Le projet de recherche en cours a pour objectif de saisir à travers une cartographie à plusieurs échelles la complexité de la géo-graphie de l’exil, tant dans ses lieux que par ses trajectoires, en proposant une manière de l’informer par la représentation graphique et spatiale.

Si plusieurs travaux ont déjà été menés sur ces déplacements, permettant d’en connaître divers aspects, il reste que la mise en cartes du phénomène est un parent pauvre des recherches réalisées. A l’exception de quelques cartes, bien classiques, montrant les flux et leurs orientations, peu de réflexions ont été menées sur sa dimension spatiale. Or nous voulons prendre en compte la diversité des lieux de relégation comme celle des trajectoires et des temporalités d’exils, tant au niveau individuel qu’au niveau collectif. Il s’agit aussi de montrer la variété des formes d’insertion dans les territoires de relégation, lesquels étaient tantôt fortement peuplés de résidents locaux, tantôt plus déshérités, parfois proches de centres administratifs ou au contraire éloignés car voués à l’exploitation de ressources, elles-mêmes très diverses selon les régions.

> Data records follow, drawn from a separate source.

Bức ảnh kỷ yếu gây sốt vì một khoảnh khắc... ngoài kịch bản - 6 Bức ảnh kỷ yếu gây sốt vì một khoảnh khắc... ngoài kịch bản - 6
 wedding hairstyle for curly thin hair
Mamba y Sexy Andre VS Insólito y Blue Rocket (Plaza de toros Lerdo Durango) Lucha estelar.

Ce projet exploratoire entend, d’une part, cartographier les lieux d’exil, en travaillant prioritairement sur trois territoires-témoins qui formeront le socle d’une « étude de faisabilité » d’une approche généralisable à l’ensemble de l’URSS. Le travail ciblé de géolocalisation des lieux de relégation dans ces trois territoires permettra de montrer les potentialités d’une étude spatialisée fine sur la relégation en contexte : distributions respectives des populations (résidentes et exilées) dans l’espace régional, dispersion/concentration des lieux de relégation par rapport aux centres urbains, liens avec la géographie économique des territoires (lieux d’emploi de la main-d’œuvre exilée), etc.

Le projet vise d’autre part à élaborer des représentations spatio-temporelles des trajectoires individuelles de l’exil. Il s’agit, à partir de récits d’exil individuels, de repérer et coder systématiquement les indications temps/espace fournies par les sources (interviews). Les informations pertinentes sont non seulement les lieux et durées successifs des parcours complexes d’exil, mais aussi la mention des liens maintenus au territoire d’origine, ou développés dans les territoires de relégation eux-mêmes. Les sources collectées antérieurement permettent de construire, individu par individu, des représentations graphiques originales des parcours intégrant l’espace et le temps, en s’inspirant de travaux récents sur les narrations spatiales des parcours de l’exil syrien.